When talking to the riverbed guys about this months ago, they said all compression type devices are affected, not just riverbed. So I would call the compression a generic incompatibility, which, once discovered, is something that Adesk would fix. It almost becomes a bug they are fixing.
Can you explain your advice? or give a link if its somewhere. I’m sure you had resons so that would be interesting to hear.
I think it’s slippery to cater the dwg format or engine to the needs of a small portion of the overall market. That doesn’t mean it won’t happen, just look at the amount of energy spent on 3D objects and tools in the core package that many people don’t use at all.
If I’m nvidia, or HP, I begin to bitch and moan next time a new version of Acad makes my hardware look bad. I’m just really suprised to see Adesk cater to an aftermarket developer.
while they are changing…why not Open DWG?
The reason this made such a splash is that owners of WAN accelerators tend to be larger companies which, coincidentally, also happen have a large number of AutoCAD licenses on Subscription. When a big dog barks, you’re gonna notice.
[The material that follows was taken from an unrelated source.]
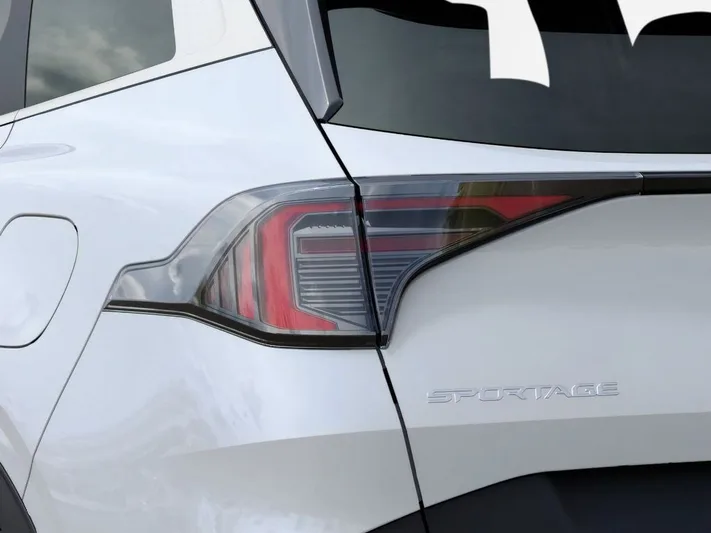 2026 Kia Sportage - view 11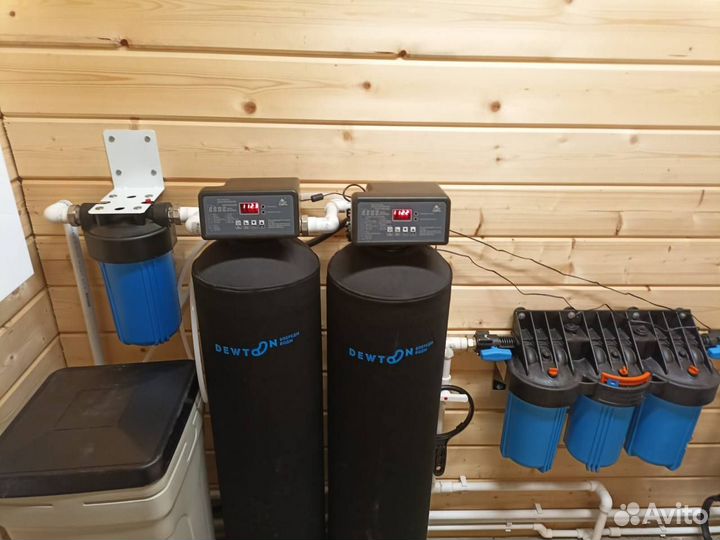 Система очистки воды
You can call it a “small portion of the market” because the number of customers may be relatively, but it isn’t small from Autodesk’s standpoint.
I think it’s smaller than the big firms would like to think. For every Jacobs, Woolpert, URS, there are thousands of two and three man firms just doing their thing. At the end of the day, you’re right, those large firms have large influence. I just believe it’s disproportionate to the actual seat counts.